RE: Unicode String Models -- minor proofreading nit (was: Unicode String Models)

From: CE Whitehead <cewcathar_at_hotmail.com>
Date: Tue, 31 Jul 2012 16:13:04 -0400





Hi, once more Phillipe; one more note: my apologies; I am still trying to make sense of the effects of the various characters/non-characters on the rest of the text in processing of character strings; thus, if there are any errors in my reply (below), someone correct me; I am not really a programmer (excepting a knowledge of html / css and a little java script and maybe just a bit of other stuff).
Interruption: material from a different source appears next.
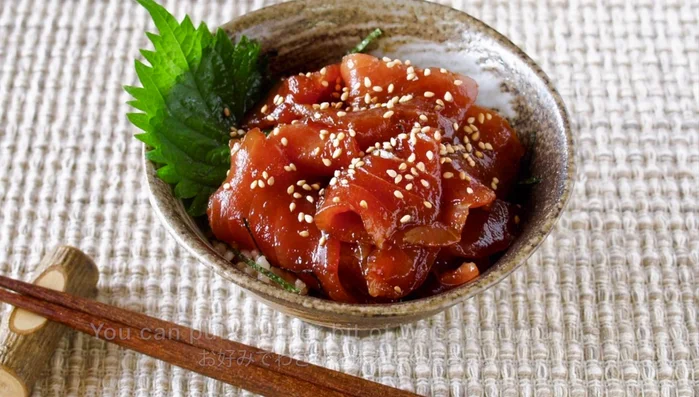 Garnish with green onions or chives and toasted white sesame seeds. You can also add extra fresh wasabi if desired.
From: cewcathar_at_hotmail.com
To: verdy_p_at_wanadoo.fr
CC: unicode_at_unicode.org
Subject: RE: Unicode String Models -- minor proofreading nit (was: Unicode String Models)
Date: Sat, 28 Jul 2012 13:35:57 -0400







> From: verdy_p_at_wanadoo.fr
> Date: Fri, 27 Jul 2012 03:17:07 +0200
> Subject: Re: Unicode String Models -- minor proofreading nit (was: Unicode String Models)
> To: mark_at_macchiato.com
> CC: cewcathar_at_hotmail.com; unicode_at_unicode.org
>
> I just wonder where the XSS attack is really an issue here. XSS
> attacks involve bypassing the document source domain in order to
> attempt to use or insert data found in another document issued or
> managed by another domain, in a distinct security realm.
>
> What is a more serious issue would be the fact that the document
> parsed has an unknown security, and that its document is subject to an
> inspection (for example by an antivirus or antimalware trying to
> identify sensitive code which would remain usable (but hidden by the
> cipher-like invalid encoding that a browser would just interpret
> blindly).
>
> Yes that's what I think is the issue here.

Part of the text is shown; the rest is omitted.